» Records for processing:
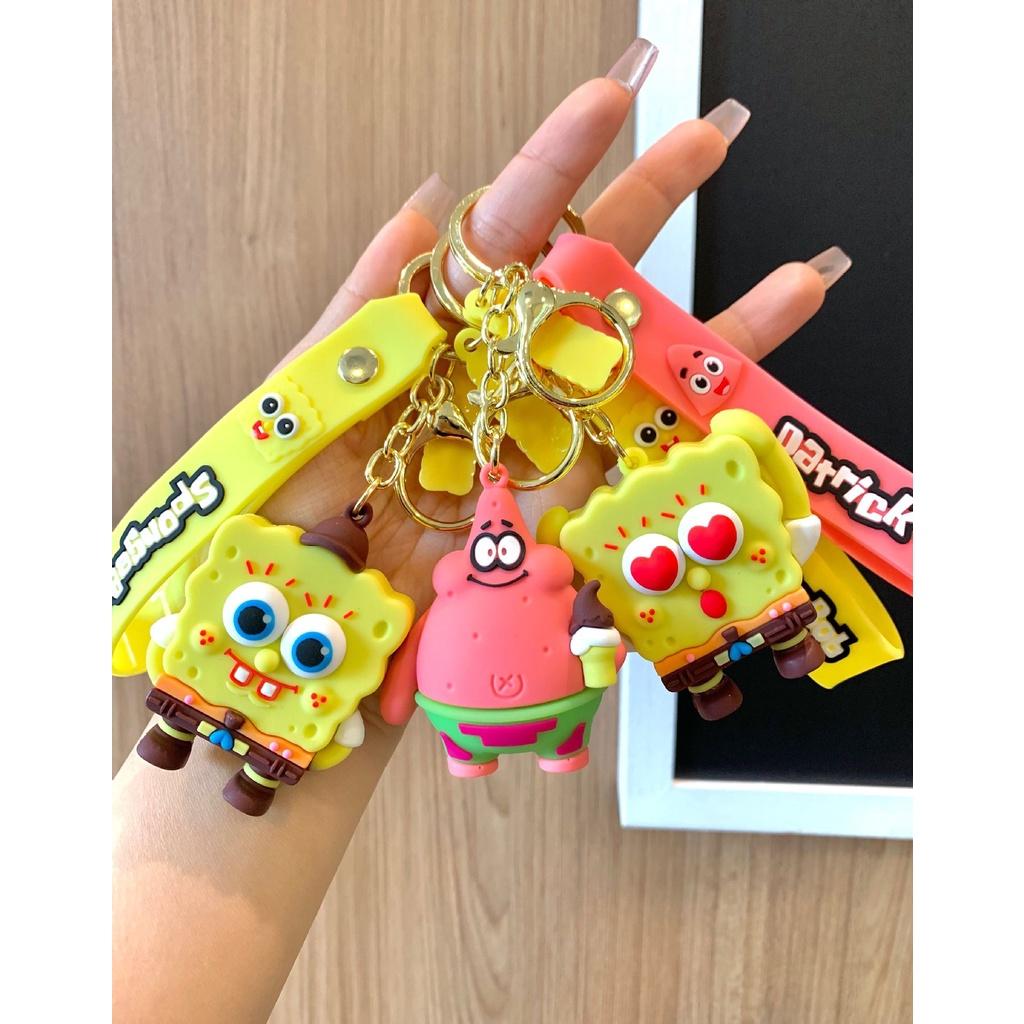 Cute And Durable Spongebob Squarepants Keychain Gift For Cartoon Lovers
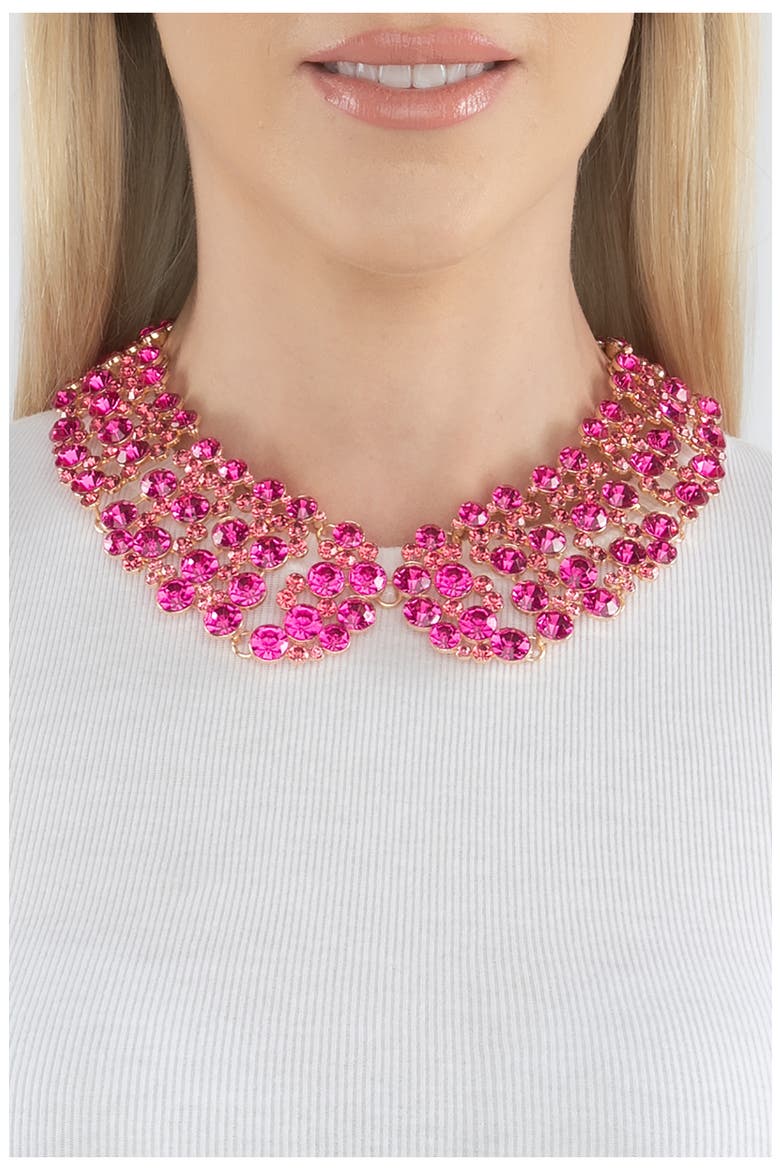 Cleo Hot Pink Necklace, Alternate, color, PINK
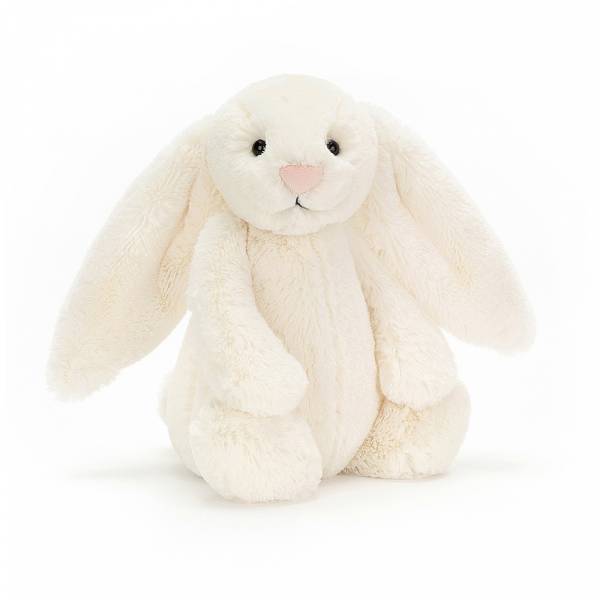 Stofftier Hase Bashful Bunny Medium - H31cm - Cream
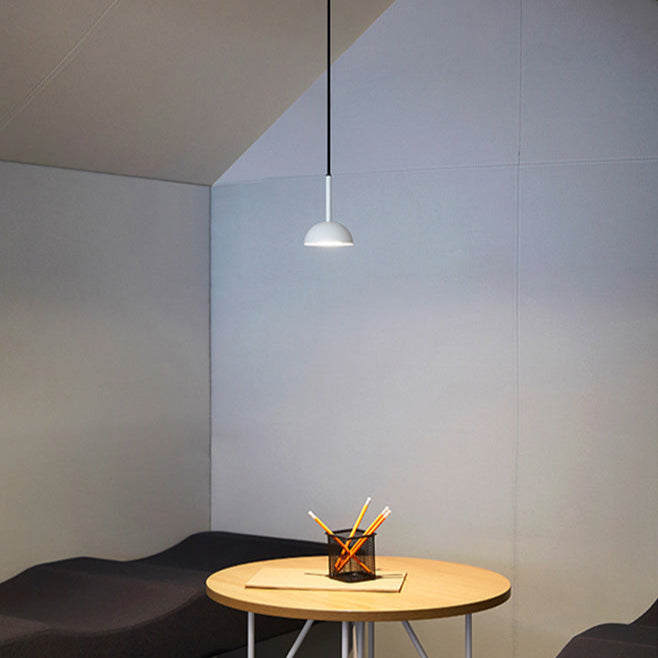 Cupolina Pendant, Black, LED, Recessed Mount, Triac Dim, IP20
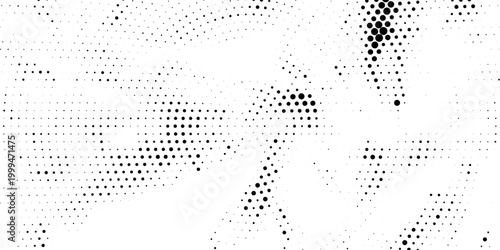 Radial halftone pattern of dots expanding from the center, creating a spotlight effect on a white background.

» Work task: Set down the entries again without change. Leave the pictures out.

» Exercise solution:
 Cute And Durable Spongebob Squarepants Keychain Gift For Cartoon Lovers
 Cleo Hot Pink Necklace, Alternate, color, PINK
 Stofftier Hase Bashful Bunny Medium - H31cm - Cream
 Cupolina Pendant, Black, LED, Recessed Mount, Triac Dim, IP20
 Radial halftone pattern of dots expanding from the center, creating a spotlight effect on a white background.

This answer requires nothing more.